What is also true is that the leaders of our legislature have often taken an anti-democratic stance, as when Senate Majority Leader Shane Massey said he was not a “lowercase d democrat” and that the only way for the people’s voices to be heard is if their parties “win some freakin’ elections”. (Easy to say when you’ve drawn the voting districts in such a way that your own party virtually can’t lose.)
Direct action
When teachers are explicitly prohibited from collective negotiation, and when our elected officials increasingly elect themselves, direct action, targeted at specific, attainable, and measurable goals. is our best hope.

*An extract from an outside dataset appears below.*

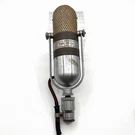 Rca 77-DX Vintage Ribbon Microphone Tested Abc Audio Engineer Estate. Fixed Price $2199.98.
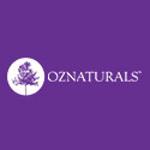OZ Naturals Promo Codes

Sitting in an Alabama jail in 1964, the Reverend Martin Luther King, Jr., wrote, in the margin of a newspaper a draft of these words: “In any nonviolent campaign there are four basic steps: collection of the facts to determine whether injustices exist; negotiation; self purification; and direct action.” He went on to write in the letter, “Nonviolent direct action seeks to create such a crisis and foster such a tension that a community which has constantly refused to negotiate is forced to confront the issue. It seeks so to dramatize the issue that it can no longer be ignored.”
May 1, 2019, was a decent first step toward dramatizing the issues facing schools precisely because it took teachers out of the classroom and closed those schools. It showed the public what would happen if we did nothing, if we let the intensifying exodus of teachers shut down and undermine schools in a much more passive and lasting way. We need more of that.